◆ Your objective ◆
Your task is to extract the lines from the one holding "엘씨브이(LCVE) EMBROIDERY WIDE SWEAT PANTS_COCOA" through the end of the material. Set them down exactly and add nothing.

◆ Information ◆
++++++
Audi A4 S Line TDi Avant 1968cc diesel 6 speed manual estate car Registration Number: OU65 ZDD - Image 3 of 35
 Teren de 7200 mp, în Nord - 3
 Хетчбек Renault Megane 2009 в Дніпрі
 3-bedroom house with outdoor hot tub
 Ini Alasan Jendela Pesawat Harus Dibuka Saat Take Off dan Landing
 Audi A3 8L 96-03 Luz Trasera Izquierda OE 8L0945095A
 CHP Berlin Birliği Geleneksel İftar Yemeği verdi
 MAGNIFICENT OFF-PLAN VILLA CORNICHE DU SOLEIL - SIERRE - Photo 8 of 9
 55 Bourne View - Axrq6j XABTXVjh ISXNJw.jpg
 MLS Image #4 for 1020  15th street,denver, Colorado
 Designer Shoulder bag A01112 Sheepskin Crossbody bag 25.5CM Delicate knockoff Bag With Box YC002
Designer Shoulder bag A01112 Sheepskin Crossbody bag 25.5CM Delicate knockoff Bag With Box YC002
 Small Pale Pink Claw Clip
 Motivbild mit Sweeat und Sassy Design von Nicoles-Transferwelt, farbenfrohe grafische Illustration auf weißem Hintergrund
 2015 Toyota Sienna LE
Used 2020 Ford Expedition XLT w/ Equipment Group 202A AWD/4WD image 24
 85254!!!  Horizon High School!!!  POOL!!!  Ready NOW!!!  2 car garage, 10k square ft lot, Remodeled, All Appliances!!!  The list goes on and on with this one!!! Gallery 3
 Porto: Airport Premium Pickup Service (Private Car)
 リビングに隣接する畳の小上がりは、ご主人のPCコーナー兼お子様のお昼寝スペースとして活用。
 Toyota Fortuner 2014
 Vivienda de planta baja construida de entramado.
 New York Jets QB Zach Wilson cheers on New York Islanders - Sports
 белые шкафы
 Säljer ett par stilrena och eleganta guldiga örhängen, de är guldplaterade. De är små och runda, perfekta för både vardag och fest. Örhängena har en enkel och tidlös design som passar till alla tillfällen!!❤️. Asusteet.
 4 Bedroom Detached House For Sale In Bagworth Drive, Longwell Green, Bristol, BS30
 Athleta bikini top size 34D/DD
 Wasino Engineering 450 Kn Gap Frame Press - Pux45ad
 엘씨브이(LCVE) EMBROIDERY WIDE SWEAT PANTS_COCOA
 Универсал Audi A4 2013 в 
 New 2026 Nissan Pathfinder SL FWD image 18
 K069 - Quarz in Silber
++++++
◆ Exercise solution ◆
 엘씨브이(LCVE) EMBROIDERY WIDE SWEAT PANTS_COCOA
 Универсал Audi A4 2013 в 
 New 2026 Nissan Pathfinder SL FWD image 18
 K069 - Quarz in Silber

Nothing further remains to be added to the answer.